**SOURCE DATA:**
= = = = = = =
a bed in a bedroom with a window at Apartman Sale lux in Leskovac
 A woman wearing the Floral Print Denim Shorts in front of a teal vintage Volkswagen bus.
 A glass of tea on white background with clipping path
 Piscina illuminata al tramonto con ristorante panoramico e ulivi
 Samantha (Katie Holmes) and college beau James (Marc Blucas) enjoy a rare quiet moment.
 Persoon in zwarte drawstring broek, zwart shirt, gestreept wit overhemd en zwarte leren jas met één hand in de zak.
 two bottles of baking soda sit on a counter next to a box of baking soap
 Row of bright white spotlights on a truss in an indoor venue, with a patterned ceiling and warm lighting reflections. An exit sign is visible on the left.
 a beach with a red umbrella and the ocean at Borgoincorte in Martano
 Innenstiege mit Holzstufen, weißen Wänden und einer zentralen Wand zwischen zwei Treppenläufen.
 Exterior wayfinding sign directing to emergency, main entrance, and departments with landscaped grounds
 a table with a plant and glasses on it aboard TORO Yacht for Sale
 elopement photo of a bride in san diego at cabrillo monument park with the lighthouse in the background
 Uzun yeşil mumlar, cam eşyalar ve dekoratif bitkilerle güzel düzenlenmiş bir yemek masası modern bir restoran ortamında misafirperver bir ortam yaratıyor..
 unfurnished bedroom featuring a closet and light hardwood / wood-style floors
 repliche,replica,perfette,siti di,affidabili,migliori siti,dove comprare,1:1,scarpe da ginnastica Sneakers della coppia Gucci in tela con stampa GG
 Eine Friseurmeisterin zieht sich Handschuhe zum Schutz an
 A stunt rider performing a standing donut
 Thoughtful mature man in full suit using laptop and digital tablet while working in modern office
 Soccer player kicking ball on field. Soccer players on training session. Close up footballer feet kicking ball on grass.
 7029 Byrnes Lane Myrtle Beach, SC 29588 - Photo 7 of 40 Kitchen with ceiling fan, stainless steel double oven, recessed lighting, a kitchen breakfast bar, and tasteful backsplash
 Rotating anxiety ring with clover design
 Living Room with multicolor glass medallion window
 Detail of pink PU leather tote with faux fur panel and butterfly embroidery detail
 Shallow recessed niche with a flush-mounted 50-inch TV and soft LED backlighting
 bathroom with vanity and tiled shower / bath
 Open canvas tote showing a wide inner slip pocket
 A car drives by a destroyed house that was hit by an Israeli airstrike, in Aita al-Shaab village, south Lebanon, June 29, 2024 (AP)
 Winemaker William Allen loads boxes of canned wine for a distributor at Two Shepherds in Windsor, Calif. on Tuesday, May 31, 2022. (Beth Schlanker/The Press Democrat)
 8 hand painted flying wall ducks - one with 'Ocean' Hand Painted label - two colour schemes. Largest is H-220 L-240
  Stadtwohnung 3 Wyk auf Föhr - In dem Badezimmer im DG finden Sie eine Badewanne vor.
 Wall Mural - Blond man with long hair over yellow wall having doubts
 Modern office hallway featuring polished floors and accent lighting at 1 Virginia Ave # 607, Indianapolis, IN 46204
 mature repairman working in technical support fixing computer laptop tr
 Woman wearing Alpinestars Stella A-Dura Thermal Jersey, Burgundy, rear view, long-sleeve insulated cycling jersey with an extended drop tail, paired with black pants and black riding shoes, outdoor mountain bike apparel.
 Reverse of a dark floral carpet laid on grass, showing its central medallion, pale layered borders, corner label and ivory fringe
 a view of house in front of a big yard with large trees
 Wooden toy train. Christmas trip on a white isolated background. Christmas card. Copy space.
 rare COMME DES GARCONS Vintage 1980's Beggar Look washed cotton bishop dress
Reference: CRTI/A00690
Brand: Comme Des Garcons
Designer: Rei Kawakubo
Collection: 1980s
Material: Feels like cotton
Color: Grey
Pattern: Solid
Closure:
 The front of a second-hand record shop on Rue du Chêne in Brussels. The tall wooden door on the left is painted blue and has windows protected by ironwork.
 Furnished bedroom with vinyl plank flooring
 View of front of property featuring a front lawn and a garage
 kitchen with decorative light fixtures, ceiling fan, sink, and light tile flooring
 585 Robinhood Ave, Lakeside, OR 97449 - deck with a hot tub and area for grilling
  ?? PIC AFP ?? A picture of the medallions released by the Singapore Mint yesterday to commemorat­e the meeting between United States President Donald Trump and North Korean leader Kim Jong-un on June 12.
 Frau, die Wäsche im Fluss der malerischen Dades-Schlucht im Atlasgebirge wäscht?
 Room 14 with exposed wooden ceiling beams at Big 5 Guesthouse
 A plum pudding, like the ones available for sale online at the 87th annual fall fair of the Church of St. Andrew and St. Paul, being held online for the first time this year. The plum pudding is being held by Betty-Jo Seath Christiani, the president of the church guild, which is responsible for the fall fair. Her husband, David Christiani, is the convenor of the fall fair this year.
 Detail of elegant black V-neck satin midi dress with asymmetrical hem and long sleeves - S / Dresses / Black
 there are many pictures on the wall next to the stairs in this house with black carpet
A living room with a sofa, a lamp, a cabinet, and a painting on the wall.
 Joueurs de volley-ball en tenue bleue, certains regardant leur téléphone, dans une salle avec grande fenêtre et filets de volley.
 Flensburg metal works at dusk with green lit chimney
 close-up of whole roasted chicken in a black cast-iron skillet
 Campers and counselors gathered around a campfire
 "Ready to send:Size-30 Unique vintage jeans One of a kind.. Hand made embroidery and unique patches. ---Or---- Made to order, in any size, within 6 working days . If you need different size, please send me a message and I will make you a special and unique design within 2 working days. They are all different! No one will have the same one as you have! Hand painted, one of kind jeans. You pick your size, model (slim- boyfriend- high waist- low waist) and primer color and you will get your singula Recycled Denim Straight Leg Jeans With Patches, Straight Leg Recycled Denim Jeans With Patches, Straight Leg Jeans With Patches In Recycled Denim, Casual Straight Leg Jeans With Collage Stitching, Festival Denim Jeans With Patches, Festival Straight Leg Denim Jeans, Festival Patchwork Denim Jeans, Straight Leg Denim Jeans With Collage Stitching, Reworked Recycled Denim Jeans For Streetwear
= = = = = = =
**YOUR OBJECTIVE:** Begin with the line that has "Rotating anxiety ring with clover design" in the listing above and end after the line that has "A car drives"; output those lines exactly.

**PROBLEM SOLUTION:**
 Rotating anxiety ring with clover design
 Living Room with multicolor glass medallion window
 Detail of pink PU leather tote with faux fur panel and butterfly embroidery detail
 Shallow recessed niche with a flush-mounted 50-inch TV and soft LED backlighting
 bathroom with vanity and tiled shower / bath
 Open canvas tote showing a wide inner slip pocket
 A car drives by a destroyed house that was hit by an Israeli airstrike, in Aita al-Shaab village, south Lebanon, June 29, 2024 (AP)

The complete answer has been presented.